Ryan was shocked that her story caused controversy – she was fond of the guy! She also wanted to go home early. But it cracked open something larger: a calculated rigidity around sex, a sense that the cost of the #MeToo movement was outward purity. “I’ve always found this interesting, in discussions about sex, agreement and abuse, the people who fail to grasp the subtlety of it. Therefore if this is abuse, why isn’t that abuse?” She references the comparison of certain statements to lyrics in popular music. “Some individuals said: ‘Well, how’s that dissimilar?’ I thought: ‘How is it alike?’”

She would never have moved to London in 2008 had it not been for her partner at the time. “Everyone said: ‘Don’t go to London, they have vermin there.’ And I disliked it, because I was suddenly broke.”

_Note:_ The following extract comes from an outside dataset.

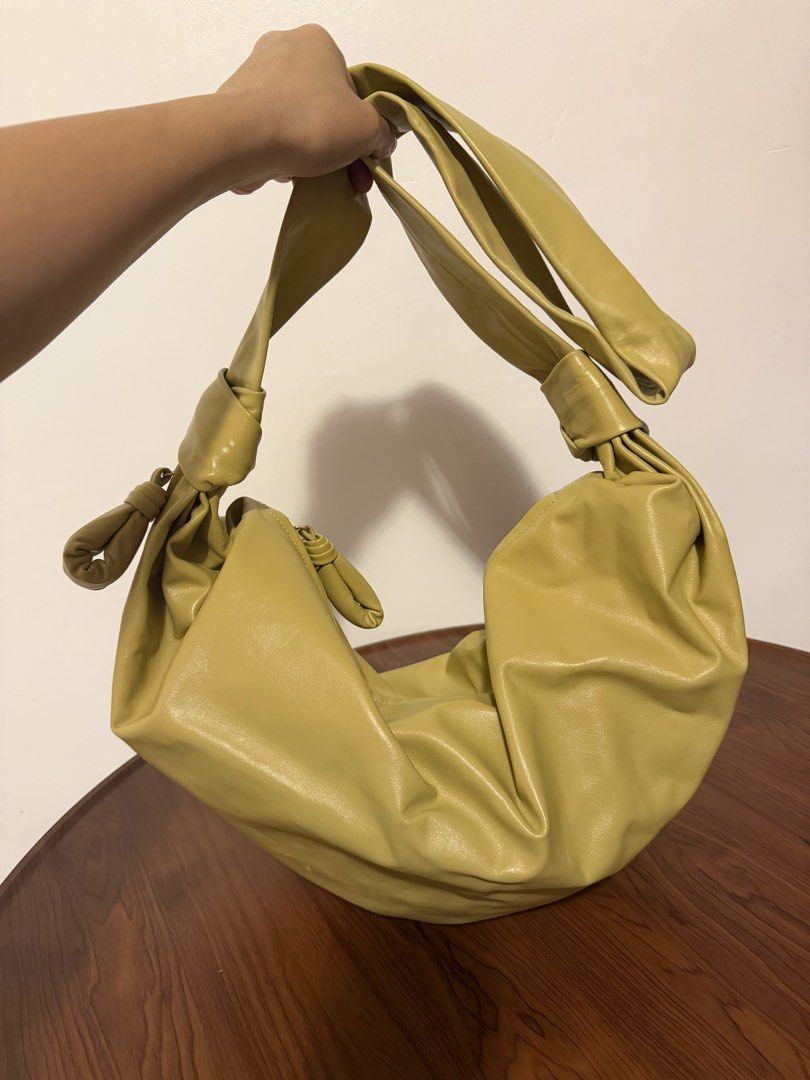 Lemaire Knot Sling (Category: Luxury Bags & Wallets) located in San Fernando. Submitted by gbagscollection (Listing ID 1465933688, Image 3). Description: Genuine leather Ykk zip With tag Genuine leather May dustbag pa po.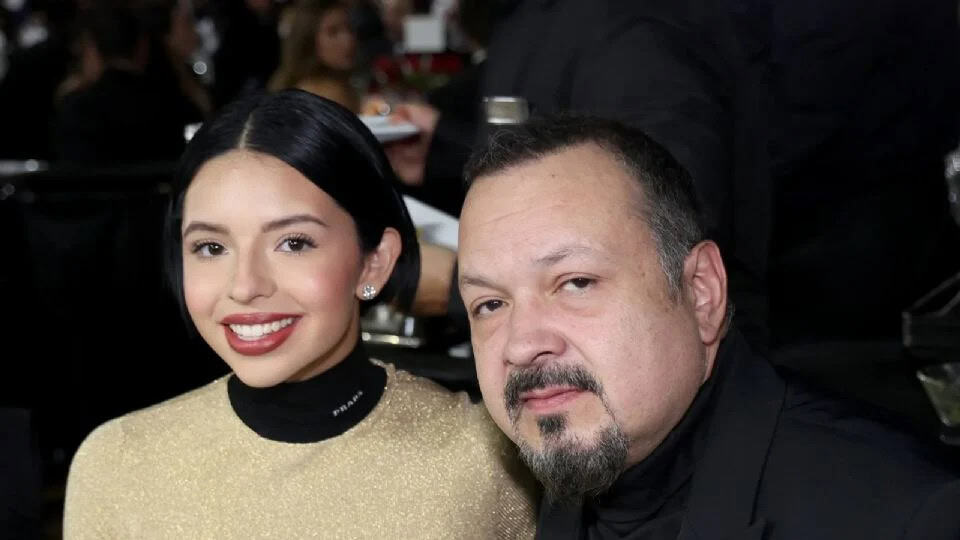 Pepe Aguilar felicita a Ángela Aguilar en su cumpleaños número 22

‘I felt confident I had material’

She got a job in business, was diagnosed lupus, which can sometimes make it challenging to get pregnant, and at 23, chose to try to have a baby. “When you’re first told you have something – I was quite sick at the time – you go to the worst-case scenario. My rationale with my boyfriend was, we’ve had so many problems, if we haven't separated by now, we never will. Now I see how lengthy life is, and how many things can change. But at 23, I didn't realize.” She succeeded in get pregnant and had Violet.

The following period sounds as high-pressure as a chaotic comedy film. While on time off, she would take care of Violet in the day and try to enter comedy in the evening, bringing her daughter with her. She was aware from her sales job that she had no problem persuading others, and she had confidence in her fast thinking from her time at Hooters; more than that, she says bluntly, “I knew I had material.” The whole circuit was permeated with sexism – she won a major comedy award in 2008, just over a year after she’d started performing, a prize that was conceived in the context of a turgid debate about whether women could be funny

William Martinez
William Martinez

Tech futurist and writer passionate about emerging technologies and their impact on society, with a background in AI research.